Mrs. Eddy's role as Leader

While serving in our Reading Room earlier this year, a dear church member called to ask about We Knew Mary Baker Eddy, vol. II.  A friend had strongly recommended it, but this member wanted to know how it was different from previous memoirs.

These are different people, I said.  But that didn’t clear away her doubts.  I tried reminding her that there were more than a few people who served Mrs. Eddy personally in her household and they had varied backgrounds and experiences.  None were exactly the same.  I added that I was reading it for the second time and still finding it worthwhile.

The member finally agreed to purchase a copy we had just received from the Publishing Society that morning.  But she called back later that day with even more questions, trying to understand what more could be added to the original series of memoirs that she had read long ago. She seemed incredulous that there could be 600 more pages of worthy material!

This got me thinking about how memoirs of those who knew Mrs. Eddy are different from personal recollections about other famous historical figures.  Readers might easily be satiated after reading a few first-hand accounts of people who were close acquaintances of, say, Mark Twain. Once we learn about his personal routines, private opinions, and idiosyncrasies, our curiosity would most likely be satisfied. At least there would not be much relevance to our own lives except maybe as topics for dinner conversation.

What makes Mrs. Eddy different?  Some answers are obvious, at least to students of Christian Science.  She was the discoverer of the greatest breakthrough in religious thought in nearly 2,000 years, and the founder of a church that preaches the Science of Christianity.  Her followers naturally want to know how she got there and learn as much as possible from her experiences in order carry forward her work.

What especially stood out this time in reading these accounts is what they say about Mrs. Eddy’s role as Leader.  Her titles as Discover, Founder, and Teacher are more easily accepted in historical context and less alien to popular thought.  But how does she lead her church in a continuing and active way, especially since she was so clear in rejecting any focus on her human personality and even on the details of her human history?

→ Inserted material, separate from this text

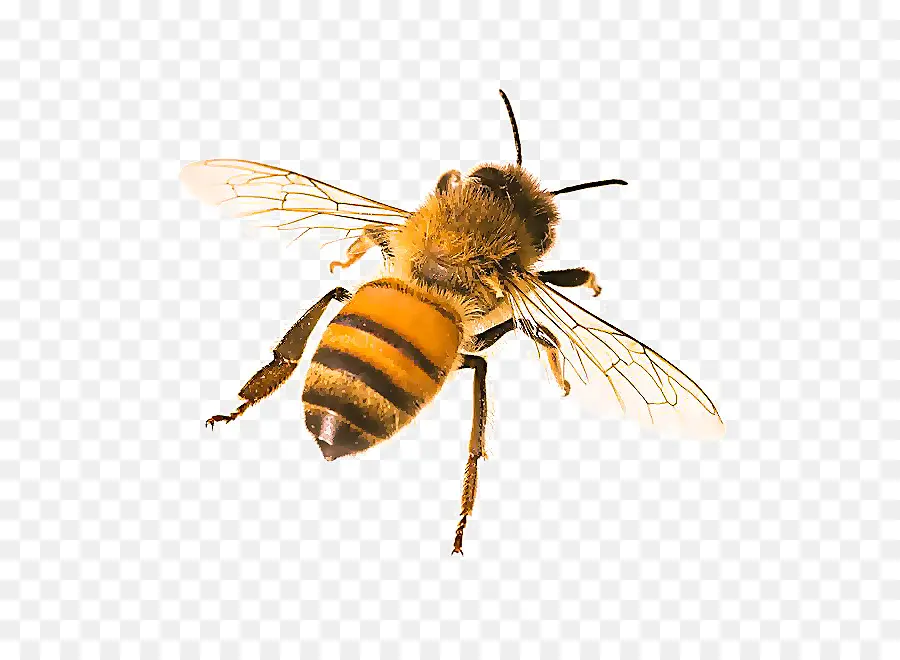 Abelha，Honeybee PNG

For one thing, these accounts describe with warmth, intimacy, and authenticity a religious leader always ready to prove the relevance of what she taught – in the details of her daily life, in the larger world of church and public affairs, in the pastoral care she gave to students and branch churches, even in thinking about the weather!

Scriptural authority and Christian practice were always sufficient for her to work through whatever challenges were presented, especially in proving the efficacy of spiritual healing.  She enlisted her followers’ cooperation and concurrence in this work through her Christian love for them and her confidence in the Science of Being that she outlined so luminously in her writings.  She was obviously living and proving the Christianity she wrote about and compelling others to do the same.

She persisted in leading thought to a higher spiritual place, even sometimes with those who were not Christian Scientists. One instance related by Adelaide Still was the playful conversation she had with her cousin, Henry Baker, a chat that apparently left him puzzled but amused. “I’ve given Henry a dose of truth he will not get rid of for a long time,” Mrs. Eddy told Still afterward. (pp. 484-485)

The way she was a student of her own textbook is a another sign of her leadership, since it points to the revelatory nature of its content and freed the book to achieve its purpose apart from attachment to the personality of its author.  This is why Christian Scientists can use the term ‘leader’ without feeling self-conscious or fearing ridicule.  Mrs. Eddy did not conflate herself with the message of comfort and healing she taught.

Turning away from the business affairs of her church in later years, William Rathvon quotes her saying, “The Cause of Christian Science is not dependent upon man or woman, and God will take care of it.” (p. 584)

I’d like to think that this was not telling us to “let go and let God” in some lazy evisceration of the individual’s role in church affairs.  Rather, it must have been that she was confident that the Mind-inspired foundations of church that she had laid were sufficient and complete, and this would stabilize and prosper the institution, as her followers were faithful.